I previously wrote an article describing how to correctly design a shard key to achieve as even a data distribution as possible.
We can determine whether data distribution is uniform by using the command
sh.status(). This command provides explicit information in the output regarding how many shards are being used for a collection and how many chunks each shard holds. A chunk represents the unit of data distribution.
It seems like we have several approaches that should all be effective if carefully implemented, right?
In reality, after implementing the second and third approaches, observing the available space reveals no improvement. In fact, it may even worsen, especially after executing the third approach.
The following diagram illustrates the usage space of a particular shard on the y-axis over time on the x-axis. Here,
t1 denotes the initiation of sharding, while
t2 represents the completion of the sharding process.
We aimed to shard a collection that had not been sharded yet to release the available space in the original shard. However, as we can see from the diagram, after the sharding process was completed, the situation worsened, which was entirely contrary to our expectations.
Why did this happen?
The reason lies in WiredTiger's behavior. After deleting documents, it does not immediately release the space. Instead, it retains the already allocated space, ensuring prepared chunks for future data writes in the collection.
This intention is well-meaning, as disk I/O performance is poor, and having a pre-arranged "clean slate" is valuable. However, this contradicts our goal of having the data disappear immediately after deletion. Hence, we see that although data is deleted, the available space does not increase.

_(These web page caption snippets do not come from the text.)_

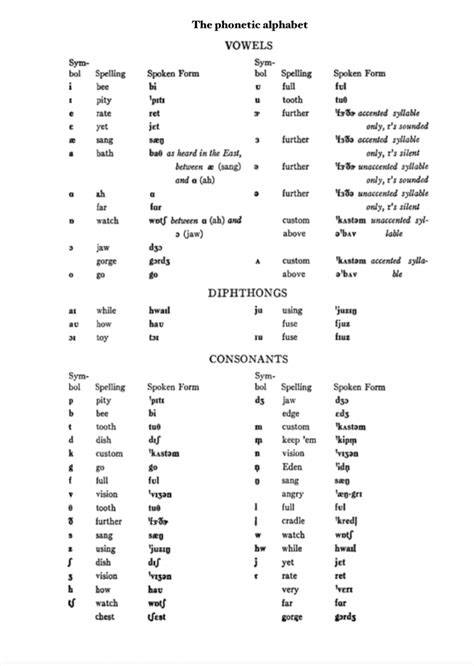 Kk Phonetics Phonetic Symbols In The English Ipa Eklavyaparv Maynes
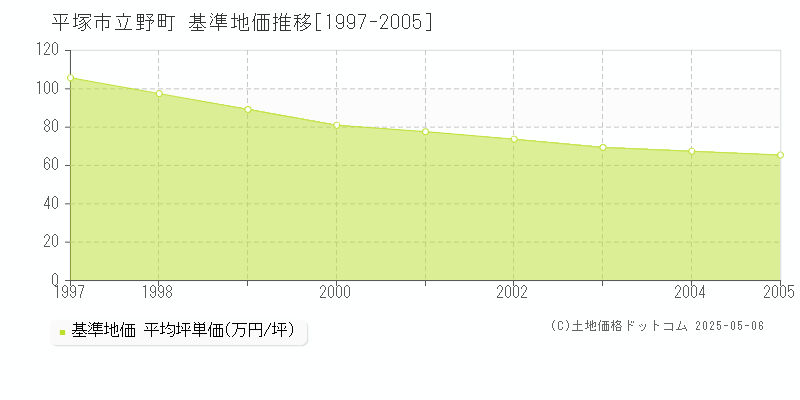 立野町(平塚市)の基準地価推移グラフ(坪単価)[1997-2005年]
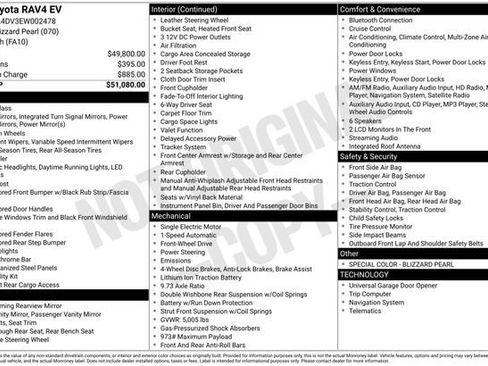 Used 2014 Toyota RAV4 EV image 26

Why did the diagram not only fail to decrease but also grow?
During the sharding process, to enable more efficient sharded queries, an index is created on the shard key. The additional space consumption represents the space occupied by these indexes.
Can we determine how much space WiredTiger has covertly consumed? The answer is yes.
Executing the command
db.collection.stats() yields an output segment that describes "file bytes available for reuse," representing the space that has been covertly taken.

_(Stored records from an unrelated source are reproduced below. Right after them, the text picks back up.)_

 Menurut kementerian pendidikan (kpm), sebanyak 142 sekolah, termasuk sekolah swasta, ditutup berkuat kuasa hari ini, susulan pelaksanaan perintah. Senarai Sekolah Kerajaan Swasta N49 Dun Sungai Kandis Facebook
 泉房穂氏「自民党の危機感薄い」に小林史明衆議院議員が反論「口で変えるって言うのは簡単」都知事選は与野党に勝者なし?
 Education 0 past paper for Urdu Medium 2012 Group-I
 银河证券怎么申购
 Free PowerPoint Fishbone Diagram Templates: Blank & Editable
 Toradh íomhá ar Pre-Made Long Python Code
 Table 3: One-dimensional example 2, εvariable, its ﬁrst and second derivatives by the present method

If we can find it, we can certainly reclaim it. Running the
compact command accomplishes this. It's worth noting that the space regained through
compact can only be used by the same collection, so the problem remains unresolved.
To enable all collections to reuse the occupied space, a complex procedure is required. Let me simplify the explanation.

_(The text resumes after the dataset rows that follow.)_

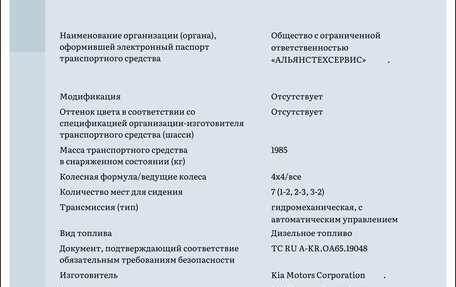 KIA Sorento III Prime рестайлинг, 2019 год, 2 800 000 рублей, 14 фотография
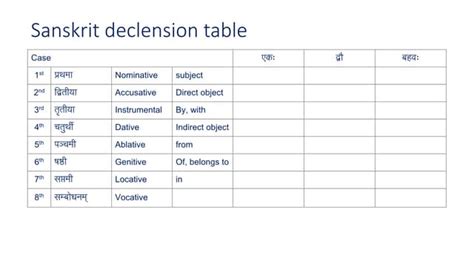 Sanskrit Declension Table Ppt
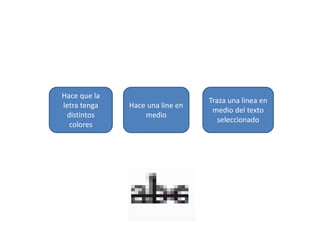 Traza una linea en
medio del texto
seleccionado
Hace una line en
medio
Hace que la
letra tenga
distintos
colores
 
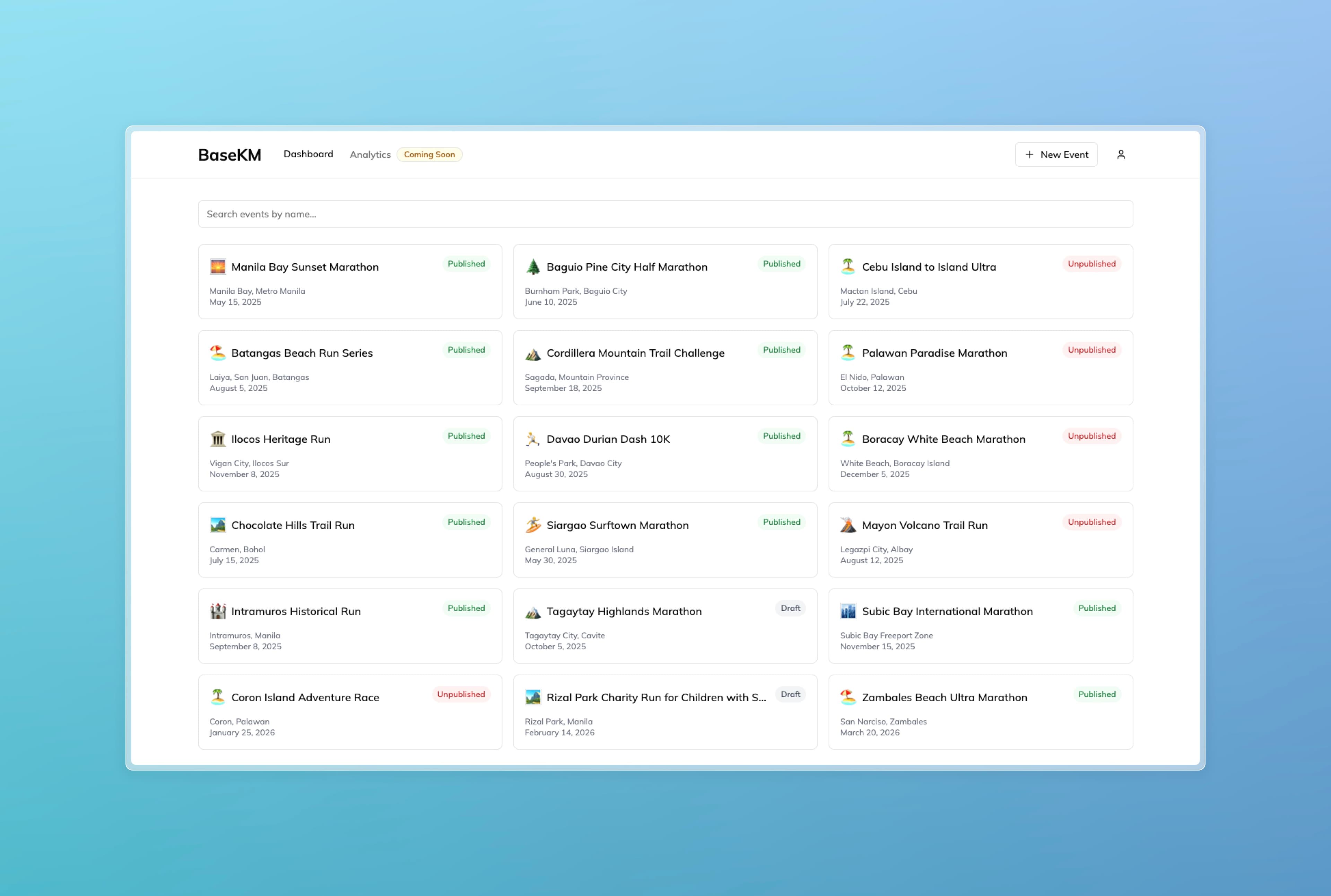 Race management dashboard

When we add a new member to a ReplicaSet in MongoDB, the new member executes an
Init Sync to synchronize the current data. However, this
Init Sync only synchronizes actual data and not the occupied space. In other words, the new member does not occupy the available space.
Thus, if we gradually replace all the members in a ReplicaSet, we can obtain a new cluster (or Ship of Theseus) with the same dataset but without the occupied space. However, this process requires a "slight" additional budget to enable an extra machine as a new member, which is no longer necessary after the entire replacement process is complete, resulting in significant savings compared to scaling up or scaling out.
For any organization, finances are always a significant concern, particularly when it comes to database expenses, which can be quite substantial. While we aim to minimize costs wherever possible, the options available to us are limited. However, let's quickly summarize the three methods to squeeze out available space:
- Remove useless indexes
- Remove useless data
These three methods are in his order of precedence, with the first one being the quickest to implement and having the least impact on the production environment, and vice versa.
Moreover, executing solutions 2 and 3 requires additional processes to ensure that the space is genuinely available and not occupied.
Perhaps there are some secret techniques that I haven't thought of yet. Feel free to share them with me.